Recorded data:

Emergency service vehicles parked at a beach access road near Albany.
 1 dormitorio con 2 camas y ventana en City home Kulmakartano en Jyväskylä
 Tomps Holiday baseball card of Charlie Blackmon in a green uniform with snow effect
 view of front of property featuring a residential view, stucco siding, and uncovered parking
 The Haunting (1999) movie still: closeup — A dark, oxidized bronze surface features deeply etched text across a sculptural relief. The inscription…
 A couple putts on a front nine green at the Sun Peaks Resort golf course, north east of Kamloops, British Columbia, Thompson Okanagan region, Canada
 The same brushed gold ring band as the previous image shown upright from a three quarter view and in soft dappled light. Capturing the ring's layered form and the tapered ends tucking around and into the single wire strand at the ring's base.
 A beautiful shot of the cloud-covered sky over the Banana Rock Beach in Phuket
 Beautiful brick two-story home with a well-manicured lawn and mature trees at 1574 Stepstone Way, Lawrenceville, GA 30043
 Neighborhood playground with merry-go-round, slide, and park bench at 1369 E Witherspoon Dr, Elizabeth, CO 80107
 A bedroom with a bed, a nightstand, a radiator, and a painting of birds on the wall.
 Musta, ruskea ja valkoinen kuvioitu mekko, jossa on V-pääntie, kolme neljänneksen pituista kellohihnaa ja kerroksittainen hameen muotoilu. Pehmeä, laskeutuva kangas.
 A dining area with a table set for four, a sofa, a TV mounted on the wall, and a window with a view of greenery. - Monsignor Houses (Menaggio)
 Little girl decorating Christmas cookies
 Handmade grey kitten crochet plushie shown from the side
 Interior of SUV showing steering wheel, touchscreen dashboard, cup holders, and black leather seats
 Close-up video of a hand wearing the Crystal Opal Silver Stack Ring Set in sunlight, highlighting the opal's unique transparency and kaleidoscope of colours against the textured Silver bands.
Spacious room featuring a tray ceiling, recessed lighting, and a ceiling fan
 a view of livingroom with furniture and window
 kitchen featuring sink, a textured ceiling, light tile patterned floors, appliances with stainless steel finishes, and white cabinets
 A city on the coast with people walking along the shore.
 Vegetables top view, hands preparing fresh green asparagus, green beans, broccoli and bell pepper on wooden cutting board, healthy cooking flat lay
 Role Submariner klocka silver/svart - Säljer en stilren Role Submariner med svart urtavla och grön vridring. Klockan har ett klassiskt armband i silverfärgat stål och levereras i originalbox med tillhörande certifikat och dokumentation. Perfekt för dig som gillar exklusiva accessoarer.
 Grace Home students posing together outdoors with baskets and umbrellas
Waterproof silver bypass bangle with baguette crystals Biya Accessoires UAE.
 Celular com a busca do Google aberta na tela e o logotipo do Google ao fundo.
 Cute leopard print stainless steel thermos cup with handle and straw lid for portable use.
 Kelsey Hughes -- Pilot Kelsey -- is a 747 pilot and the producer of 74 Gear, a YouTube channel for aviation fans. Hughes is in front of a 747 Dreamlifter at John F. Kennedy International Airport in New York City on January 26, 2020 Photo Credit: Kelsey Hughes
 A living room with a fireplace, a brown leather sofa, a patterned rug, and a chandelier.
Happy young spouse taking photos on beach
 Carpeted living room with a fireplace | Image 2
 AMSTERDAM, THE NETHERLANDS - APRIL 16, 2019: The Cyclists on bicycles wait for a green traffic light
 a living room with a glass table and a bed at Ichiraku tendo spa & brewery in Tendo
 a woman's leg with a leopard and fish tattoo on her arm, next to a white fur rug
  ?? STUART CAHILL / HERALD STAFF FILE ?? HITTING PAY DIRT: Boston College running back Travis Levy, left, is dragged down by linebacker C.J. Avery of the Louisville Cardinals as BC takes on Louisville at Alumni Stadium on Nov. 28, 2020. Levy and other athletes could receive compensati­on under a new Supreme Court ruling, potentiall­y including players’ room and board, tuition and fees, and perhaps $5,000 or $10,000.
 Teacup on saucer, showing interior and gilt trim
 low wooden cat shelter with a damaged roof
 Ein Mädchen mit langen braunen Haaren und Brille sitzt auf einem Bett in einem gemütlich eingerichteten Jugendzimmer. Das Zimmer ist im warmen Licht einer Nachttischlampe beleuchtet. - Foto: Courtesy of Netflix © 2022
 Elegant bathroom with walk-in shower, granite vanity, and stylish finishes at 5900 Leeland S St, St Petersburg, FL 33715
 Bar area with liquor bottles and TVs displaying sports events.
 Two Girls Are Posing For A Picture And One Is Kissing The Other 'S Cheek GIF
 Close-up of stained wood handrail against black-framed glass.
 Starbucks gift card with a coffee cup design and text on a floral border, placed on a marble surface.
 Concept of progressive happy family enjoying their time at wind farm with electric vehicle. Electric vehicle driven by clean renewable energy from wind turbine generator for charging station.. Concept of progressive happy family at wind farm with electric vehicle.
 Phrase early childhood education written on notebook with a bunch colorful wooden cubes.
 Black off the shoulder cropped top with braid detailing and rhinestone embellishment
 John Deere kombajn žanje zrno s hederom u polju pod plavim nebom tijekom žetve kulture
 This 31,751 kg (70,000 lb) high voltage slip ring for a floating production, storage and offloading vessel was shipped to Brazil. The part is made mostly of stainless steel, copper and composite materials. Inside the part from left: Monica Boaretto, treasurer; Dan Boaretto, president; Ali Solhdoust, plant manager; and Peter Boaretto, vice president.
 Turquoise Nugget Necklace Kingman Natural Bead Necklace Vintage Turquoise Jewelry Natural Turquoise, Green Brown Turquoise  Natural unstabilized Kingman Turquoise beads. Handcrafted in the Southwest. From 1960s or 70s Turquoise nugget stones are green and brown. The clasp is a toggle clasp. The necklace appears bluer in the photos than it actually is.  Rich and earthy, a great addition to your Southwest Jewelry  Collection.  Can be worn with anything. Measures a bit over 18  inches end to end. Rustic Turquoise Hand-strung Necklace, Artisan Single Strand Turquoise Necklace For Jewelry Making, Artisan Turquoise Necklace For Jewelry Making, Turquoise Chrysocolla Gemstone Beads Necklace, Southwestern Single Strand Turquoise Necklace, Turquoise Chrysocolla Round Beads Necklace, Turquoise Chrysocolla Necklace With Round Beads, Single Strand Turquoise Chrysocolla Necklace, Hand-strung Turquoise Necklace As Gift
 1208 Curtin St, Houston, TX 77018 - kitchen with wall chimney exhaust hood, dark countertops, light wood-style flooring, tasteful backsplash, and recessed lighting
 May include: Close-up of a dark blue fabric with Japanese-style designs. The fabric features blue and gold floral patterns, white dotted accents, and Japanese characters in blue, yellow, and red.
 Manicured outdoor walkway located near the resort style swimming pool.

(WHAT IS REQUIRED):
All of the lines above should be returned exactly as written.

(EXERCISE SOLUTION):
Emergency service vehicles parked at a beach access road near Albany.
 1 dormitorio con 2 camas y ventana en City home Kulmakartano en Jyväskylä
 Tomps Holiday baseball card of Charlie Blackmon in a green uniform with snow effect
 view of front of property featuring a residential view, stucco siding, and uncovered parking
 The Haunting (1999) movie still: closeup — A dark, oxidized bronze surface features deeply etched text across a sculptural relief. The inscription…
 A couple putts on a front nine green at the Sun Peaks Resort golf course, north east of Kamloops, British Columbia, Thompson Okanagan region, Canada
 The same brushed gold ring band as the previous image shown upright from a three quarter view and in soft dappled light. Capturing the ring's layered form and the tapered ends tucking around and into the single wire strand at the ring's base.
 A beautiful shot of the cloud-covered sky over the Banana Rock Beach in Phuket
 Beautiful brick two-story home with a well-manicured lawn and mature trees at 1574 Stepstone Way, Lawrenceville, GA 30043
 Neighborhood playground with merry-go-round, slide, and park bench at 1369 E Witherspoon Dr, Elizabeth, CO 80107
 A bedroom with a bed, a nightstand, a radiator, and a painting of birds on the wall.
 Musta, ruskea ja valkoinen kuvioitu mekko, jossa on V-pääntie, kolme neljänneksen pituista kellohihnaa ja kerroksittainen hameen muotoilu. Pehmeä, laskeutuva kangas.
 A dining area with a table set for four, a sofa, a TV mounted on the wall, and a window with a view of greenery. - Monsignor Houses (Menaggio)
 Little girl decorating Christmas cookies
 Handmade grey kitten crochet plushie shown from the side
 Interior of SUV showing steering wheel, touchscreen dashboard, cup holders, and black leather seats
 Close-up video of a hand wearing the Crystal Opal Silver Stack Ring Set in sunlight, highlighting the opal's unique transparency and kaleidoscope of colours against the textured Silver bands.
Spacious room featuring a tray ceiling, recessed lighting, and a ceiling fan
 a view of livingroom with furniture and window
 kitchen featuring sink, a textured ceiling, light tile patterned floors, appliances with stainless steel finishes, and white cabinets
 A city on the coast with people walking along the shore.
 Vegetables top view, hands preparing fresh green asparagus, green beans, broccoli and bell pepper on wooden cutting board, healthy cooking flat lay
 Role Submariner klocka silver/svart - Säljer en stilren Role Submariner med svart urtavla och grön vridring. Klockan har ett klassiskt armband i silverfärgat stål och levereras i originalbox med tillhörande certifikat och dokumentation. Perfekt för dig som gillar exklusiva accessoarer.
 Grace Home students posing together outdoors with baskets and umbrellas
Waterproof silver bypass bangle with baguette crystals Biya Accessoires UAE.
 Celular com a busca do Google aberta na tela e o logotipo do Google ao fundo.
 Cute leopard print stainless steel thermos cup with handle and straw lid for portable use.
 Kelsey Hughes -- Pilot Kelsey -- is a 747 pilot and the producer of 74 Gear, a YouTube channel for aviation fans. Hughes is in front of a 747 Dreamlifter at John F. Kennedy International Airport in New York City on January 26, 2020 Photo Credit: Kelsey Hughes
 A living room with a fireplace, a brown leather sofa, a patterned rug, and a chandelier.
Happy young spouse taking photos on beach
 Carpeted living room with a fireplace | Image 2
 AMSTERDAM, THE NETHERLANDS - APRIL 16, 2019: The Cyclists on bicycles wait for a green traffic light
 a living room with a glass table and a bed at Ichiraku tendo spa & brewery in Tendo
 a woman's leg with a leopard and fish tattoo on her arm, next to a white fur rug
  ?? STUART CAHILL / HERALD STAFF FILE ?? HITTING PAY DIRT: Boston College running back Travis Levy, left, is dragged down by linebacker C.J. Avery of the Louisville Cardinals as BC takes on Louisville at Alumni Stadium on Nov. 28, 2020. Levy and other athletes could receive compensati­on under a new Supreme Court ruling, potentiall­y including players’ room and board, tuition and fees, and perhaps $5,000 or $10,000.
 Teacup on saucer, showing interior and gilt trim
 low wooden cat shelter with a damaged roof
 Ein Mädchen mit langen braunen Haaren und Brille sitzt auf einem Bett in einem gemütlich eingerichteten Jugendzimmer. Das Zimmer ist im warmen Licht einer Nachttischlampe beleuchtet. - Foto: Courtesy of Netflix © 2022
 Elegant bathroom with walk-in shower, granite vanity, and stylish finishes at 5900 Leeland S St, St Petersburg, FL 33715
 Bar area with liquor bottles and TVs displaying sports events.
 Two Girls Are Posing For A Picture And One Is Kissing The Other 'S Cheek GIF
 Close-up of stained wood handrail against black-framed glass.
 Starbucks gift card with a coffee cup design and text on a floral border, placed on a marble surface.
 Concept of progressive happy family enjoying their time at wind farm with electric vehicle. Electric vehicle driven by clean renewable energy from wind turbine generator for charging station.. Concept of progressive happy family at wind farm with electric vehicle.
 Phrase early childhood education written on notebook with a bunch colorful wooden cubes.
 Black off the shoulder cropped top with braid detailing and rhinestone embellishment
 John Deere kombajn žanje zrno s hederom u polju pod plavim nebom tijekom žetve kulture
 This 31,751 kg (70,000 lb) high voltage slip ring for a floating production, storage and offloading vessel was shipped to Brazil. The part is made mostly of stainless steel, copper and composite materials. Inside the part from left: Monica Boaretto, treasurer; Dan Boaretto, president; Ali Solhdoust, plant manager; and Peter Boaretto, vice president.
 Turquoise Nugget Necklace Kingman Natural Bead Necklace Vintage Turquoise Jewelry Natural Turquoise, Green Brown Turquoise  Natural unstabilized Kingman Turquoise beads. Handcrafted in the Southwest. From 1960s or 70s Turquoise nugget stones are green and brown. The clasp is a toggle clasp. The necklace appears bluer in the photos than it actually is.  Rich and earthy, a great addition to your Southwest Jewelry  Collection.  Can be worn with anything. Measures a bit over 18  inches end to end. Rustic Turquoise Hand-strung Necklace, Artisan Single Strand Turquoise Necklace For Jewelry Making, Artisan Turquoise Necklace For Jewelry Making, Turquoise Chrysocolla Gemstone Beads Necklace, Southwestern Single Strand Turquoise Necklace, Turquoise Chrysocolla Round Beads Necklace, Turquoise Chrysocolla Necklace With Round Beads, Single Strand Turquoise Chrysocolla Necklace, Hand-strung Turquoise Necklace As Gift
 1208 Curtin St, Houston, TX 77018 - kitchen with wall chimney exhaust hood, dark countertops, light wood-style flooring, tasteful backsplash, and recessed lighting
 May include: Close-up of a dark blue fabric with Japanese-style designs. The fabric features blue and gold floral patterns, white dotted accents, and Japanese characters in blue, yellow, and red.
 Manicured outdoor walkway located near the resort style swimming pool.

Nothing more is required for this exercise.